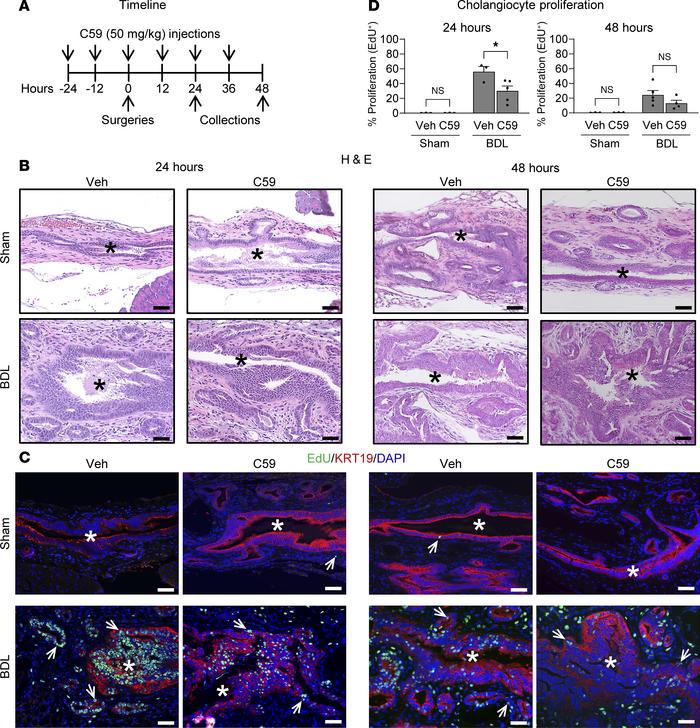 Inhibition of WNT ligand secretion leads to decreased cholangiocyte prol...
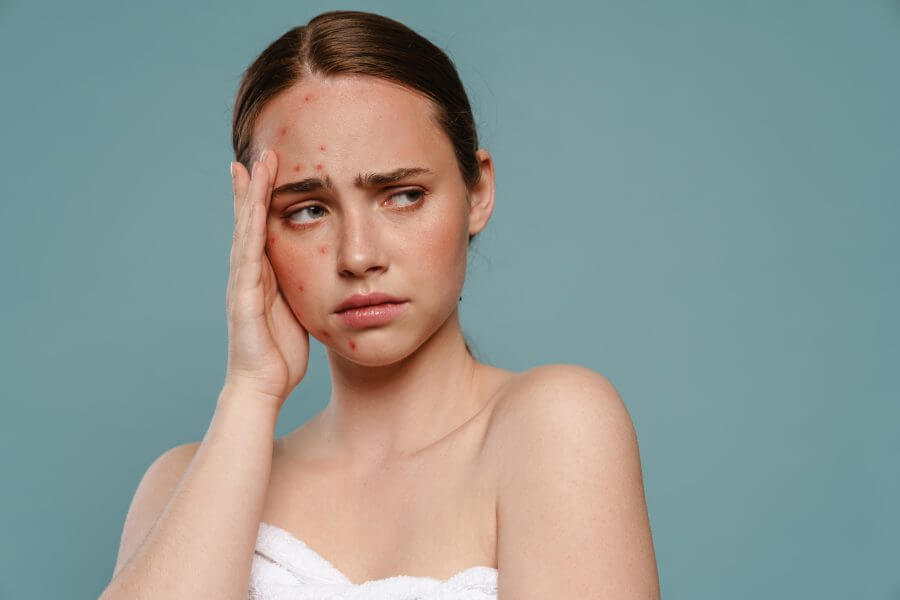 ginger woman with pimples covering her face and looking aside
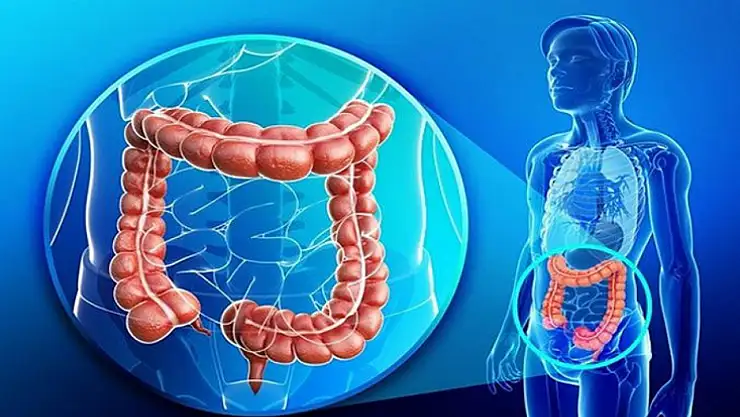 'Kolorektal kansere davetiye çıkarıyor'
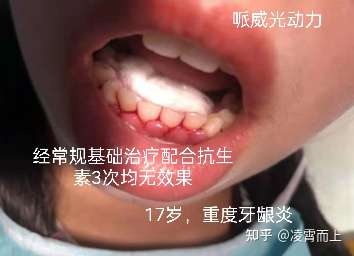 口腔科普#发生在身边的牙龈炎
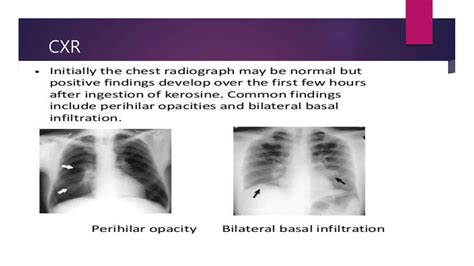 Hydrocarbon Poisoning Ppt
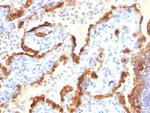 Cytokeratin 18 (KRT18) Antibody in Immunohistochemistry (Paraffin) (IHC (P))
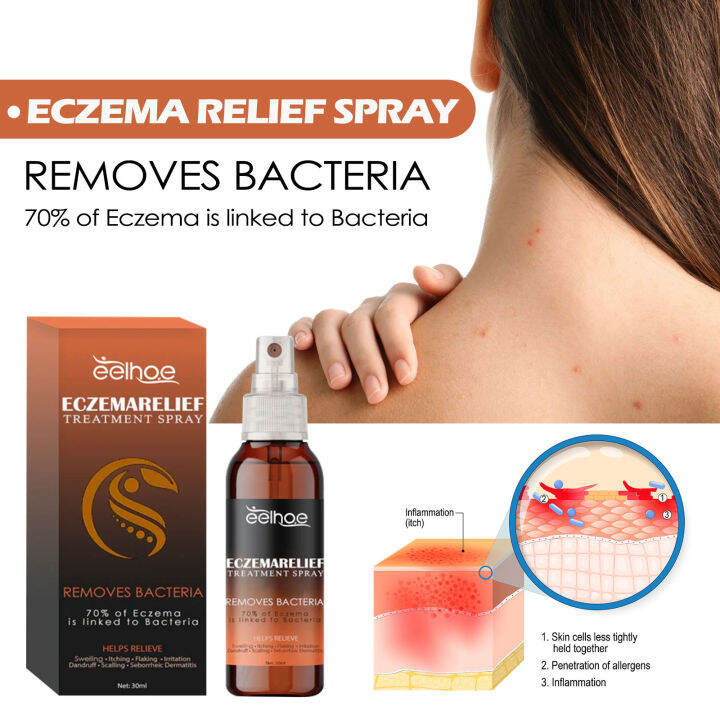 Eelhoe Eczema Relief Treatment Spray Itching Liquid Relief Spray ...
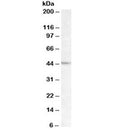 Western blot testing of Daudi lysate with LHX2 antibody at 1ug/ml. Predicted molecular weight ~44kDa.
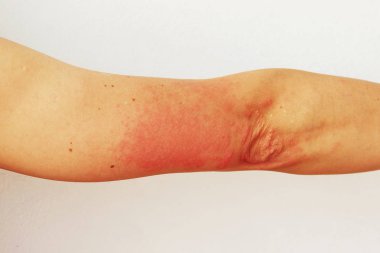 Red pustules and vesicles on the skin of the hand as symptoms of photodermatitis. Allergic reaction to sunlight. Allergy. clipart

•••••

What you have to do =
Hand back the exact lines from the start of the entries to the line with "Hydrocarbon Poisoning Ppt", both ends kept and pictures left out.

Solution to this problem =
 Inhibition of WNT ligand secretion leads to decreased cholangiocyte prol...
 ginger woman with pimples covering her face and looking aside
 'Kolorektal kansere davetiye çıkarıyor'
 口腔科普#发生在身边的牙龈炎
 Hydrocarbon Poisoning Ppt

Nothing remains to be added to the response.